=== About this exercise ===
Nothing outside the range is to be copied. From the entries below, reproduce exactly the lines starting at the one with "1810 Riverbank St, Lincoln Park, MI 48146" and ending at the one with "TRPKÁ CHVÍLE Hokejista", without pictures.

=== Material provided ===
—————

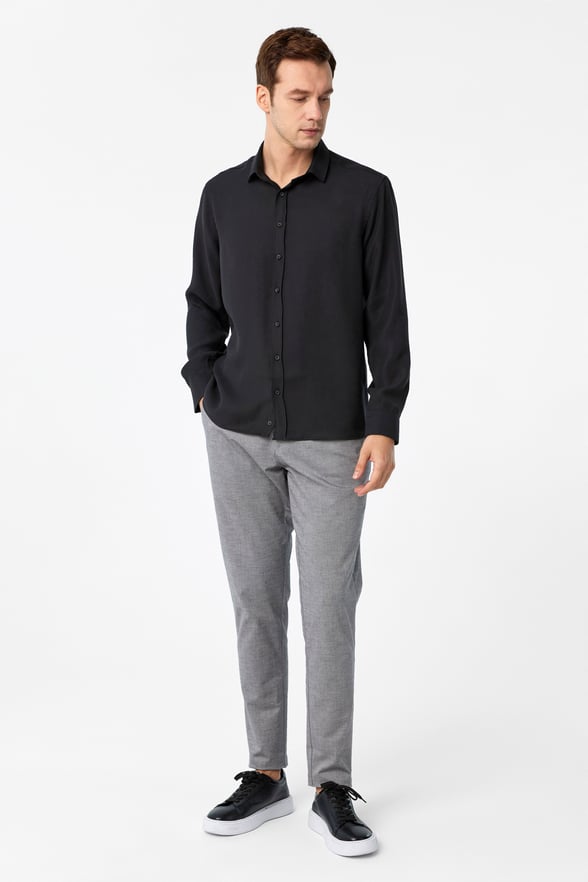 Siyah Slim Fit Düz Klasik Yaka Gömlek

—————

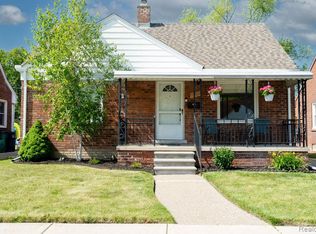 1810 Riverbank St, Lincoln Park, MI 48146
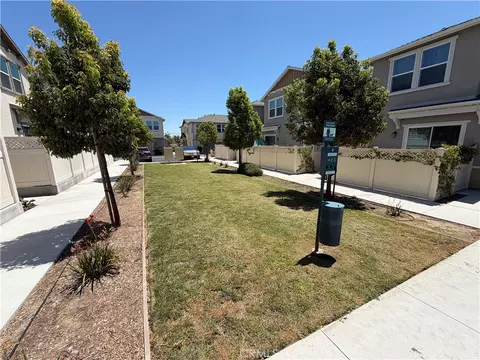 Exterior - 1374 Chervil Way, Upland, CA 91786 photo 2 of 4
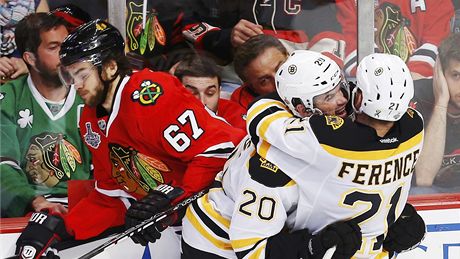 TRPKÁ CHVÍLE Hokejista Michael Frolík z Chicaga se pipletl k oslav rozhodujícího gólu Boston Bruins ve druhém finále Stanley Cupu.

—————

=== Output for this task ===
 1810 Riverbank St, Lincoln Park, MI 48146
 Exterior - 1374 Chervil Way, Upland, CA 91786 photo 2 of 4
 TRPKÁ CHVÍLE Hokejista Michael Frolík z Chicaga se pipletl k oslav rozhodujícího gólu Boston Bruins ve druhém finále Stanley Cupu.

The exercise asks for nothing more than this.